We enter the house using a numeric code, instead of a traditional key, via our Yale keypad lockset. A command locking the deadbolt will trigger at midnight if the door is not already locked. The app on our phones will also allow us to lock and unlock the door. We live in a smaller suburb, so no video doorbell was warranted. If desired, we could also set up alert notifications to tell us when someone has entered the house – like the kids returning home from school.
One of our splurges was the dining room window. While beautiful, it has always been like a TV screen for all the neighbors to view our life after dark. Finding a drape that would not take away from the top window mullions but provide some much-needed acoustic absorption proved difficult. The final product, yet to be installed, will provide privacy when needed and become part of the home system – opening at 7:30 am during the week and at 10 a.m. on the weekends and closing at dark.
As mentioned, Crestron Pyng is the hub of the home (with a Crestron Home interface update coming soon). Why a single operating system instead of separate apps? We desired seamless integration allowing for scenes, not just control of a light or fixtures. Having multiple apps on a smartphone is no different than numerous remotes sitting on the coffee table, and no one understanding how to work the system. On one keypad we can have a lighting scene and music controls. Via voice control, we can ask Alexa to set the temperature of the home to that of our choosing.
Other technology tidbits in the home include a charging drawer in the kitchen that allows us to keep the technology clutter hidden. A Smart Art Frame by Meural hangs in the dining room, teaching the family about art while providing beauty to the room. Art changes every few minutes. Finally, a system is only as good as the network, so make sure your Wi-Fi throughout the home is solid. Our system is by Ubiquiti.
We can keep growing our system as our lifestyles change. We can add more lighting control by just changing out a dimmer or switch. We can add media control should we decide to put a TV in the sunroom. It’s one system to coordinate all of our experiences today, tomorrow, and beyond.

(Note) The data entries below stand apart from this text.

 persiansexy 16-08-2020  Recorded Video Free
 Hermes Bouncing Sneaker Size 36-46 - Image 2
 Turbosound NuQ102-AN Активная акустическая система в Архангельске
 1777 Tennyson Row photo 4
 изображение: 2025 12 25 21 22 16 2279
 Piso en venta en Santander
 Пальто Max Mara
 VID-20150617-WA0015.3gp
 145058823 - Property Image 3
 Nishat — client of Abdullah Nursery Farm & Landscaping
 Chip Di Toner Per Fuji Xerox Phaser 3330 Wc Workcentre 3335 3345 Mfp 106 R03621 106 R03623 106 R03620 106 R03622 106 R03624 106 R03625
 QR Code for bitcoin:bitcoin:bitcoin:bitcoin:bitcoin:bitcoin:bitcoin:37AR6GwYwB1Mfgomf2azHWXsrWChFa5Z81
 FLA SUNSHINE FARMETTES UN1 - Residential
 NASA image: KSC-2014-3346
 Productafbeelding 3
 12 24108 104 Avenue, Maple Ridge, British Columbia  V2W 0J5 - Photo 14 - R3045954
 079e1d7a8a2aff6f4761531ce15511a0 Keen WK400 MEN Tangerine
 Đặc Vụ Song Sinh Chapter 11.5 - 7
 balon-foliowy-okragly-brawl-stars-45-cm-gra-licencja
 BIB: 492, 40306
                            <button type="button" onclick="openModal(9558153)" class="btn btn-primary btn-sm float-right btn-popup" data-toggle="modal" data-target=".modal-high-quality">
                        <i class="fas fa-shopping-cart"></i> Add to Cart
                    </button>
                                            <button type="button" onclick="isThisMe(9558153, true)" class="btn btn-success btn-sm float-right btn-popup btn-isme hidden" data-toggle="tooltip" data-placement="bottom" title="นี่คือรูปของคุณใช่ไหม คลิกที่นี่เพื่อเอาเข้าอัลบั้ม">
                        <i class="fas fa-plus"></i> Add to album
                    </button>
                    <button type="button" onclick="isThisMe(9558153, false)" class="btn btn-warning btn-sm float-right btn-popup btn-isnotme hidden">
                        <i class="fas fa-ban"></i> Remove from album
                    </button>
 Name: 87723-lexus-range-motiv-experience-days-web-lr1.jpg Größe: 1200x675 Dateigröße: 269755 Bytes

So, back to the original question: When does a house become a home? Well, my kitchen is big enough to dance in, my music keeps me sane, my lights calm me and keep the house secure, our shades will cocoon us during our sleepy hours, and our door will keep itself locked. Yes, our house is our home thanks to some fantastic contractors, creative design, and a layer of technology that improves our quality of life – our well-being.